High-Intensity Exercise Promotes Deleterious Cardiovascular Remodeling in a High-Cardiovascular-Risk Model: A Role for Oxidative Stress

Antioxidants 2023, 12(7), 1462; https://doi.org/10.3390/antiox12071462
by Aline Meza-Ramos 1,2,3,†, Anna Alcarraz 1,2,†, Marta Lazo-Rodriguez 1,4, Gemma Sangüesa 1,‡,§, Elisenda Banon-Maneus 1,4, Jordi Rovira 1,4, Maria Jose Ramirez-Bajo 1,4, Marta Sitges 1,2,5,6, Lluís Mont 1,2,5,6, Pedro Ventura-Aguiar 1,4,7, Montserrat Batlle 1,6,* and Eduard Guasch 1,2,5,6,*
Reviewer 2:
Reviewer 3:
Reviewer 4:
Antioxidants 2023, 12(7), 1462; https://doi.org/10.3390/antiox12071462
Submission received: 23 April 2023 / Revised: 1 July 2023 / Accepted: 3 July 2023 / Published: 20 July 2023
(This article belongs to the Special Issue Exercise-Induced Antioxidant Response and Oxidative Stress)

Round 1

Reviewer 1 Report

Dear authors,

If is possible add some statisctical data in abstract.

Try to add in the introduction more information about high intensity exercise and oxidative stress.

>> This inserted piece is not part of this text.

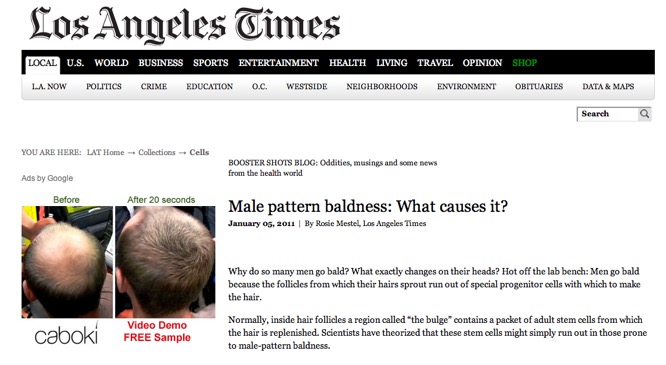 Male pattern baldness: What causes it?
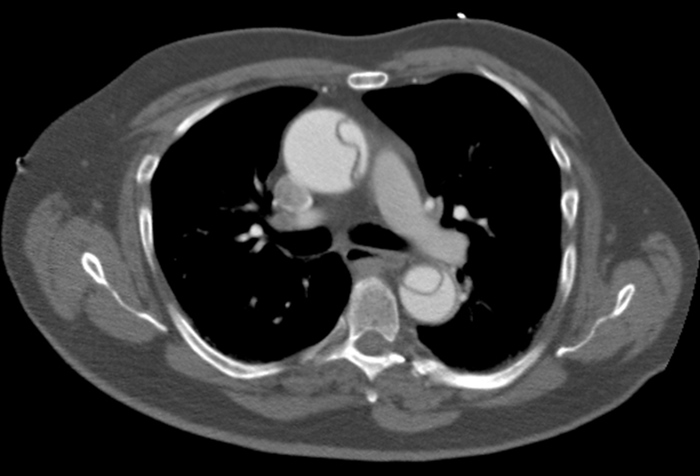 A 56-year-old man comes to the emergency department with acute, severe chest pain.  His electrocardiogram is within normal limits.  Contrast-enhanced computed tomography of his chest is shown below.   Which of the following is the single most important risk factor for this patient's current condition? A) Diabetes mellitus B) High cholesterol C) Hypertension D) Limited physical activity E) Smoking F) Spirochete infection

The manuscript is well designed. Congratulations.

 

Author Response

Please see the attachment.

Author Response File: Author Response.pdf

Reviewer 2 Report

Dear authors

Your research is very interesting, however I could say that I would have doubts as to whether the results of this research in an even unknown animal sample can be generalized to humans. In addition to obesity, there are other factors that can affect the outcome of intense training in high-risk patients, such as age (here the experimental animals were relatively young, psychological factors, coexistence of smoking, etc.)

Please try to justify how your results can be generalized to human and what it the practicality/usefuleness in clinical practice.

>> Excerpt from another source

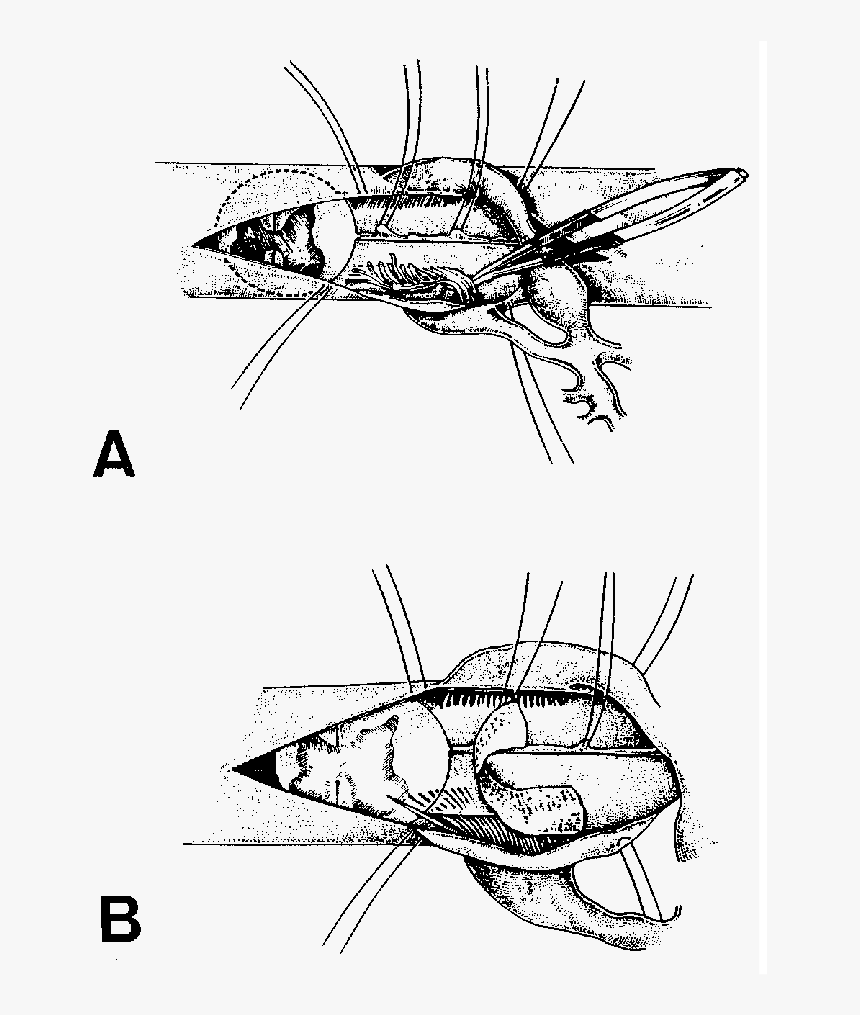 Insect, HD Png Download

Try to improve the introduction, aim should be clearer. Discussion whould be improved about correlations between rats and human.

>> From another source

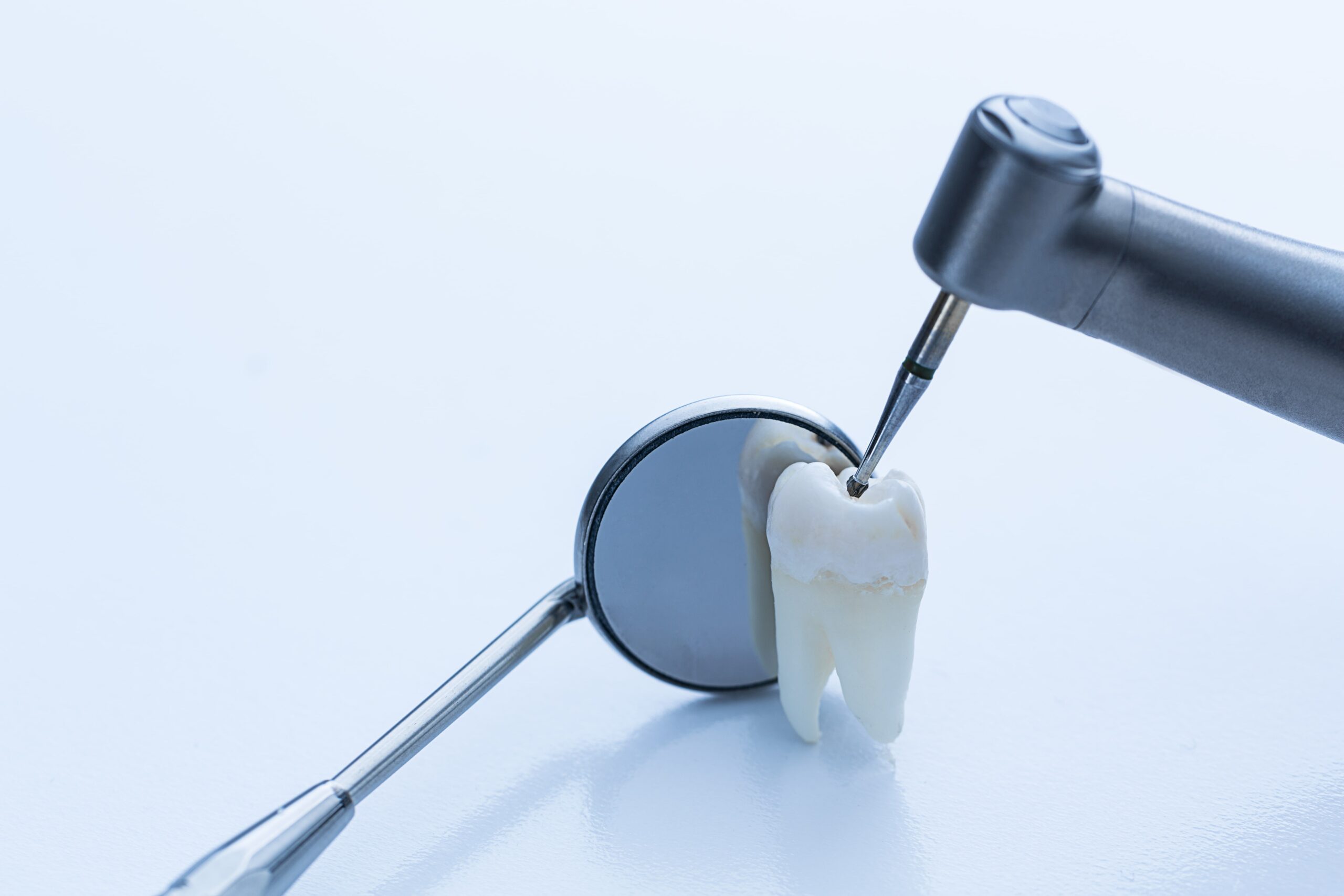 Basic Steps Involved in a Dental Filling Procedure - Fisher Pointe Dental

Recommended REFs for Intro/Discussion

Effects of Exercise and L-arginine on Ventricular Remodeling and Oxidative Stress, doi: 10.1249/MSS.0b013e3181b2e899

Effects of high intensity interval training on pregnant rats, and the placenta, heart and liver of their fetuses. https://doi.org/10.1371/journal.pone.0143095

 

Line 74-82:

Tele-assessment of Functional Capacity through the Six-Minute Walk Test in Patients with Diabetes Mellitus Type 2: Validity and Reliability of Repeated Measurements. Sensors, 23(3), 1354. https://doi.org/10.3390/s23031354

 

 

 

 

Author Response

Please see the attachment.

Author Response File: Author Response.pdf

Reviewer 3 Report

The manuscript deals with an interesting scientific question. I congratulate the authors to their tremendous work. I have some methodological remarks:

1) Pretest for normal distribution are not recommended and should not be done. It is more important to check model assumption for the ANOVA / LMM models by visually checking QQplots of residuals and residuals vs fitted plots regarding homoscedasticity.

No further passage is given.